23/10/2010
"El señor de las moscas", de William Golding
El señor de las moscas
Golding, William
Alianza Editorial
Es desasosegante este libro. ¿Tan poco común es el sentido común? La conclusión que saco es que la civilización, consecuencia del vivir en sociedad, con y para los demás, nos hace más hombres. No es una imposición, sino una consecuencia natural, es decir, propia de nuestra naturaleza humana. Le pongo un 8.
Copio un comentario de Alfredo Cruz, publicado en Nuestro Tiempo, que lo resume muy bien.
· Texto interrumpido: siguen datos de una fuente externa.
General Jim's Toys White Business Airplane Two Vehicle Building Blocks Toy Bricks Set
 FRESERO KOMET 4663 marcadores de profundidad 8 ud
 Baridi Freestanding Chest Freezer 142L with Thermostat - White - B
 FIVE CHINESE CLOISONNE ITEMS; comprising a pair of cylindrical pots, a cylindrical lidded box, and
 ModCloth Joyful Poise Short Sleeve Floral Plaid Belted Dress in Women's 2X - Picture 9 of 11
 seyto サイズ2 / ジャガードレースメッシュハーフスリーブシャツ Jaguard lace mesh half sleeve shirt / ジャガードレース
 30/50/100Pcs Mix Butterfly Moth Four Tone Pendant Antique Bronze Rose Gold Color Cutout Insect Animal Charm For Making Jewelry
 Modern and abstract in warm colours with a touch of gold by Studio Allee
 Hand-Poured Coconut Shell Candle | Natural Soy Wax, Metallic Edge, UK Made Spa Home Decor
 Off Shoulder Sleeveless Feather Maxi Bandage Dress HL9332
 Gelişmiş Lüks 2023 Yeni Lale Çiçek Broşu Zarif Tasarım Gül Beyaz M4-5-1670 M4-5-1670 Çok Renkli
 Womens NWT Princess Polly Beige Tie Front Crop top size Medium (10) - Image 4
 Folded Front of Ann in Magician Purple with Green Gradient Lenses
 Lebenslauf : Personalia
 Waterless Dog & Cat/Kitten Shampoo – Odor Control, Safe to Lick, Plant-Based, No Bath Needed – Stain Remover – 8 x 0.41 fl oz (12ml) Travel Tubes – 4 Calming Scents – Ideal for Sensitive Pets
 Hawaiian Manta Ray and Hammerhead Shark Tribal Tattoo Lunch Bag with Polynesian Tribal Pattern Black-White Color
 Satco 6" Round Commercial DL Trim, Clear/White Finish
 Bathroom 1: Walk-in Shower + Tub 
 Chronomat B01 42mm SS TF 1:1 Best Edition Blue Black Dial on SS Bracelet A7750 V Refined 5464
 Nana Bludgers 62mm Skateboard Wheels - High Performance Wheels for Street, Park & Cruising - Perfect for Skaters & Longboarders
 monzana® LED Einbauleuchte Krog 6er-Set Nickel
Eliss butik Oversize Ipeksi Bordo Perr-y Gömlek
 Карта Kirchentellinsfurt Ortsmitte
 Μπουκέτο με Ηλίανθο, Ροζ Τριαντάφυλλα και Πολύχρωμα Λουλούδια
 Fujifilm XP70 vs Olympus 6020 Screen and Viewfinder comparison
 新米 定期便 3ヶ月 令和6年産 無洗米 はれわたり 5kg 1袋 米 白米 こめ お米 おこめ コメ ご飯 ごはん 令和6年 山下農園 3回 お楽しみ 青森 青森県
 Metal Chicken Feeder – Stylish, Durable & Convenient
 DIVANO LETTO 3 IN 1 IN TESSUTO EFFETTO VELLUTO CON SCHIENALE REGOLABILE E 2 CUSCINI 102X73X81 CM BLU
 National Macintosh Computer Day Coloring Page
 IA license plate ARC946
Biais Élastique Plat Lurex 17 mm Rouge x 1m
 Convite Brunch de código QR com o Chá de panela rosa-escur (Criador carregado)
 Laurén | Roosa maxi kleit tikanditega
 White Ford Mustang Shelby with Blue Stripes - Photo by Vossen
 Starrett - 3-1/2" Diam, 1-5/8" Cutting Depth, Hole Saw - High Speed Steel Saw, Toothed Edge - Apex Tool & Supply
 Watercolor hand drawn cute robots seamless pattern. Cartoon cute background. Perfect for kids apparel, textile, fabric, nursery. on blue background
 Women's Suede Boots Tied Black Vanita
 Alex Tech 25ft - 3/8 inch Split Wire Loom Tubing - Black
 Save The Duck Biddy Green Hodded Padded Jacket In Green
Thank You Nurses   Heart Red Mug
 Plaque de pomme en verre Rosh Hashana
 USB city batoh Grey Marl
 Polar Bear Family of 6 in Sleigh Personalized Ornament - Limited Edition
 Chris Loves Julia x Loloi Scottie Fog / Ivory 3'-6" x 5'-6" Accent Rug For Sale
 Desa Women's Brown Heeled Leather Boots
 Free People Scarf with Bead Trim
El Señor de las moscas puede ser entendida como una áspera y contundente respuesta a quienes todavía sospechen que es la sociedad la que corrompe al hombre. Un grupo de niños solos, sin ningún adulto, arrojados en una isla perdida a causa de un accidente aéreo, sirven de cobayas para el experimento humano que William Golding lleva a cabo al escribir la novela. Inicialmente, todo es armonía, cooperación entusiasta y gozosa camaradería. Las salpicaduras de “inocente” rudeza infantil no ensombrecen el panorama ni tienen mayor importancia –¡cosas de críos! diría cualquiera– mientras la herencia de civilización recibida sigue ejerciendo su autoridad y su efecto de contención en las mentes infantiles de los protagonistas. Pero poco a poco se produce una inquietante metamorfosis. La simpática escena de unos críos jugando a ser mayores evoluciona inexorablemente hacia el paroxismo de la barbarie y la brutalidad. ¿Cómo es posible que los mismos niños que pedían tener reglas, muchas reglas, como los mayores, acaben gritando frenéticamente “!Mata a la fiera, pártele el cráneo, córtale el cuello, derrama su sangre!”? Pero la verdadera e incómoda pregunta es esta otra: ¿por qué nos sorprende más lo segundo que lo primero? Esta evolución perturba y desazona al lector porque adivina hacia donde se dirige pero no acaba de ver cómo podría detenerse. Todo el proceso está gobernado por una dialéctica de alternativas superpuestas: vivir para la esperanza de ser rescatados, o hacer de la situación salvaje la norma del propio vivir; reproducir en miniatura el mundo familiar y protector que se añora, o entregarse al atractivo de la alegría salvaje, de la fuerza indómita y desafiante; vencer los miedos imaginarios y postular responsablemente que la Naturaleza es amiga, o sucumbir a la sugestión de estar bajo una amenaza monstruosa. Y la balanza se inclina sin remedio hacia el segundo término de estos binomios. Cuanto más terreno gana el miedo, más sentido y valor adquiere la fuerza brutal del que sabe contestar a lo salvaje en su propia lengua. Desde su mismo ápice, cuando ya parece incontenible, la barbarie se derrumba de golpe ante una inesperada visión: una gorra, un revólver, una lancha, una metralleta. Todo se para. Caen los gritos... y las lanzas. Por fin, estamos en casa. ¿Es cierto que la civilización no le debe nada al temor?